Recently there was a fundraiser cocktail party to honor the University of New Orleans’ latest selection as Alumnus of the Year. The pick, Jefferson Parish Sheriff Newell Normand, had, as is customary, been selected by previous winners of the award.

Normand was a popular choice. (As one former winner told him, “I live in New Orleans, so this was my first chance to vote for you.”)

As a high-profile public official it was hoped that he, like other winners, could be an example of the quality of the university’s alumni. (The previous year’s winner was federal judge Jay Zainey; also in the number was former U.S. attorney Jim Letten.) Still, despite the pride of accomplishment, there remains a sense of gloom when the topic is UNO.

Once an example, as fresh as a lake breeze, of a thriving urban university, UNO has been hit hard by budget cuts, population shifts and competition from area universities.

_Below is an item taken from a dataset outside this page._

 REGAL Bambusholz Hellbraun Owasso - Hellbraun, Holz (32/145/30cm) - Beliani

Through its history it has been a good school, but one too often devoid of the college life that’s attractive to students with means. As a commuter college it served those who worked while getting an education. The most common praise about the university is that it gave New Orleans a middle class. There is truth to that. Until what was originally known as LSUNO opened in 1959, students had to leave town or afford a private university to get higher-level education. Many were denied the opportunity. By providing quality and inexpensive education, a middle class began to emerge. (Nearby, Southern University in New Orleans was created to do the same for black students, though from the very beginning UNO was integrated and has in recent years had a higher black student enrollment than SUNO.)

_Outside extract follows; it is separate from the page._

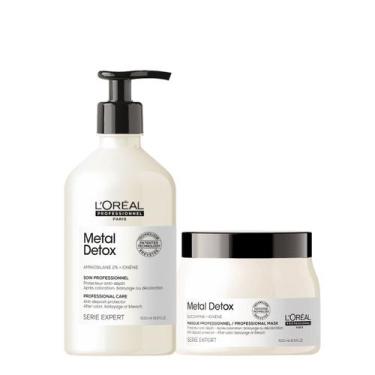 Imagem de Kit LOréal Professionnel Metal Detox Máscara e  Detox Soin Produto Ant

For most of its existence UNO’s supporters have complained that the university was an overlooked stepchild of the parent LSU system. In 2011, UNO became part of the University of Louisiana system where it was thought it would be more of an equal player. While it’s still too early to tell the impact of that change, UNO has faced enough hardships to drop behind in anyone’s system.

A faculty committee has been studying possible restructuring and elimination of some programs. The university is doing what it has to do to face a harsh reality. There are notable growth areas, particularly in tourism-related areas and movie production; on the other side some education programs and upper level political science seem destined for the axe.

Somehow, some way, UNO needs more support, not only from alumni and government but also from groups that recognize the importance of a public urban university. We know many stories of the impact that the university has had on lives including (full disclosure) our own.

Here is an idea: Let’s make UNO a cause for the tricentennial. The university already has a distinguished reputation in history, including being the primogenitor for the World War II Museum, now let’s use history to help save the university.

What a tribute it would be to one day say that New Orleans celebrated its tricentennial by making its middle class even bigger and stronger.